Angular Momentum: Uniform Cylinder Drum Rotation

[devious_]

A uniform solid cylindrical drum of mass 1.5kg and radius 0.5m is free to rotate about a fixed, smooth, horizontal axis which coincides with the axis of the cylinder. The axis is at a height of 2m above a horizontal table, and a light string of AB of length 4m has one end attached to the heighest point of the cylinder. A block of mass 0.3kg is attached to end B of the string and rests on the table. The drum begins to rotate at a constant angular speed of 4 rad s^-1 in a clockwise direction. Calculate the angular speed of the drum immediately after the block is jerked into motion.

I have no idea how to approach this question! The answer is supposed to be 2.86 rad s^-1.

Any help is greatly appreciated.

 

[whozum]

I'm looking at this and the only thing i can think of is to find the angular acceleration of the drum due to the block pulling it down.

 

[devious_]

I think the way I'm supposed to approach this question is by equating the sums of initial and final angular momentum for both the drum and the block. I can do the drum just fine, but all my attemps of finding the angular momentum of the block didn't produce the required answer.
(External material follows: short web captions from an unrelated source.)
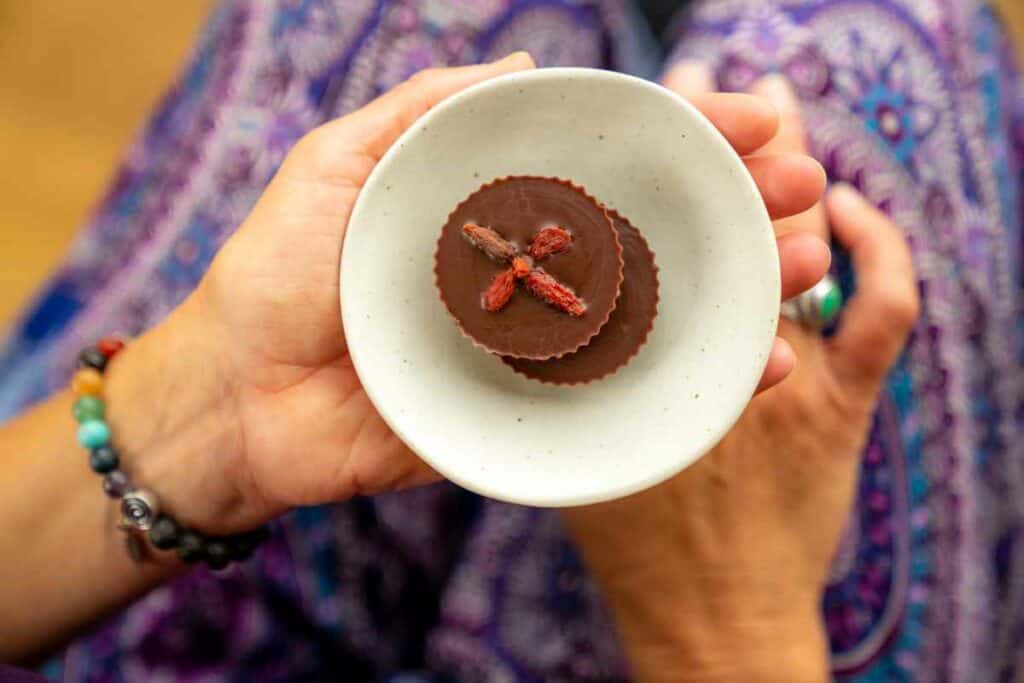 Two dark chocolates in a small bowl being cupped in a hand with colourful pants beneath.
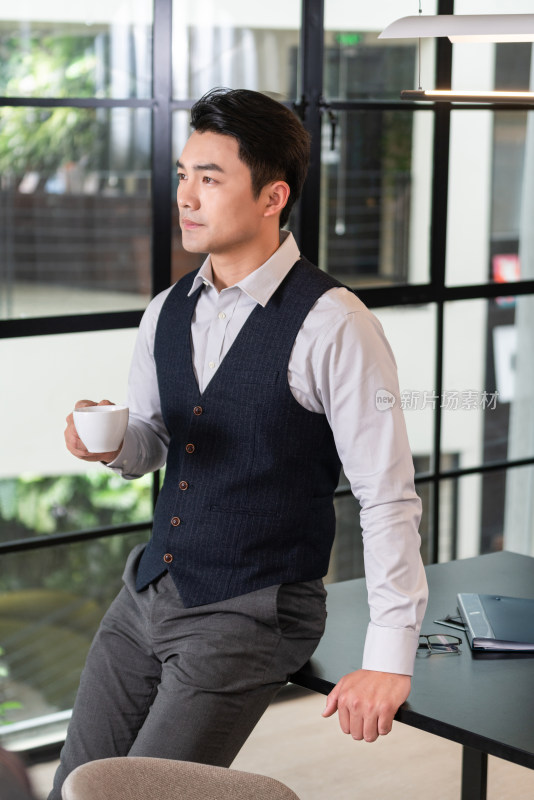 一个商务男士靠在会议桌前办公喝咖啡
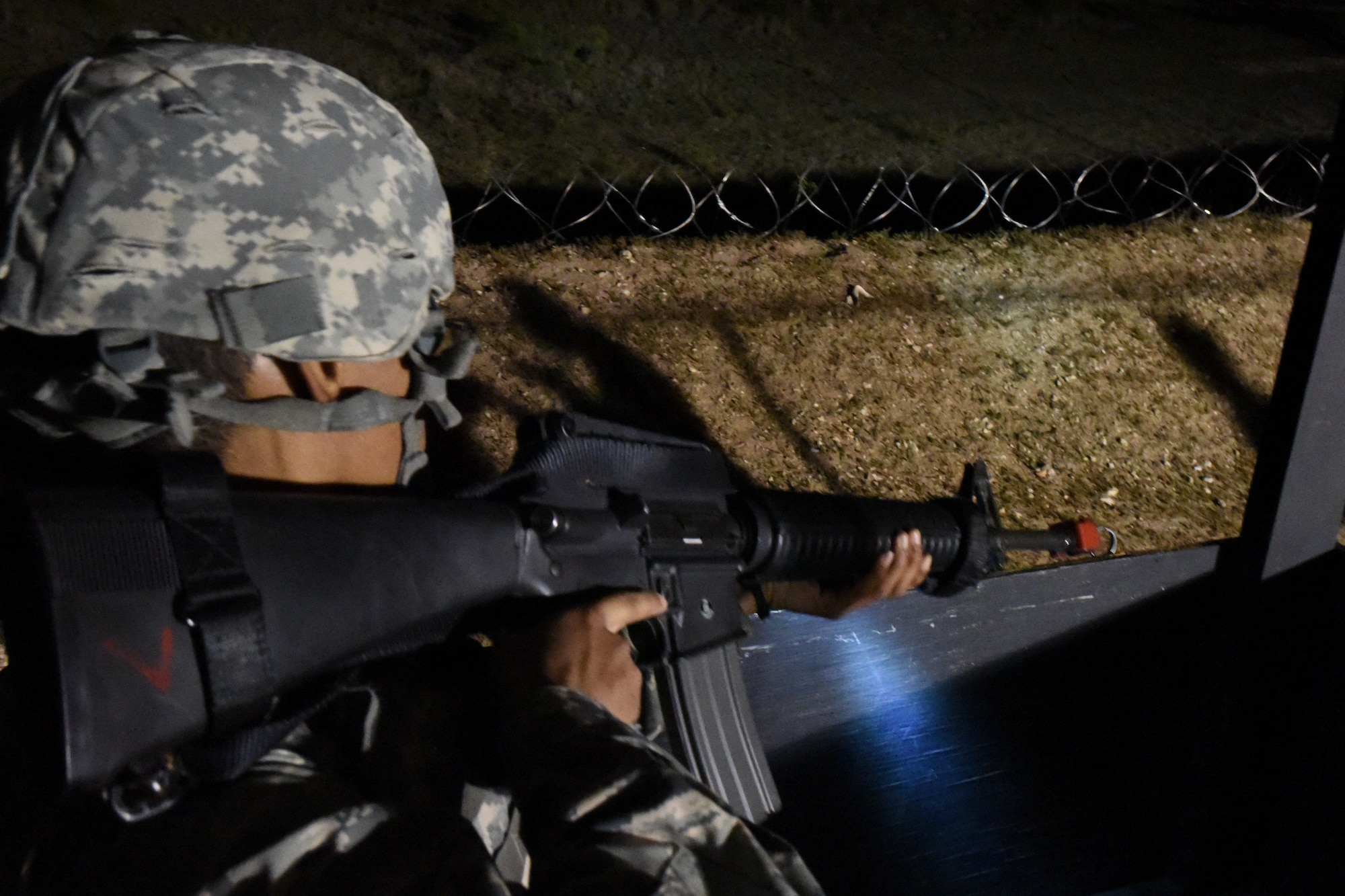 Williams Joseph, Angelo State University ROTC cadet, practices guard tower maneuvers during the night operations portion of the exercise at the mock forward operating base on Goodfellow Air Force Base, Texas, April 20, 2018. The cadets had multiple permanent party members acting as opposition forces testing their training throughout the night. (U.S. Air Force photo by Airman 1st Class Seraiah Hines/Released)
Here's what I get for the drum:
initial angular momentum = moment of inertia * angular speed = 3/16 * 4 = 0.75 Nms
final angular momentum = 3/16 w, where w is the new angular speed

 

[whozum]

Ohhh right. Ofcourse.

The final moment of inertia has changed, because its now pulling the block. You can simplify the block as a point mass at point A, and find the new MOI.

 

[devious_]

I tried that:
final angular momentum = [3/16 + 0.3*(2^2 + 0.5^2)] w = 1.4625w
conservation of angular momentum => w = 0.75/1.4625 = 20/39

Which isn't the right answer. Am I doing something wrong?

 

[whozum]

final angular momentum = [3/16 + 0.3*(2^2 + 0.5^2)] w = 1.4625w

Your radius isn't right. How far is the point A from the axis of rotation?

 

[devious_]

If I take it to be at point A then I get the right answer! But.. Why should it be at point A?

 

[devious_]

I thought about it a bit and this is what I concluded:
Initial jerk turns the drum 4 rad, and so the block is pulled up 4*0.5 m, because A turns an arc length r \theta. So the block adheres to the circumference of the circle and can be considered as a point mass 0.5m away from the axis of rotation.

Is this correct?

 

[whozum]

Exactly, the block is 'pulling' or resisting motion AT the radius 0.5m, thus you can treat it as a particle in motion at the edge of the drum. Good thinking.

 

[devious_]

Thanks for the help -- and good night!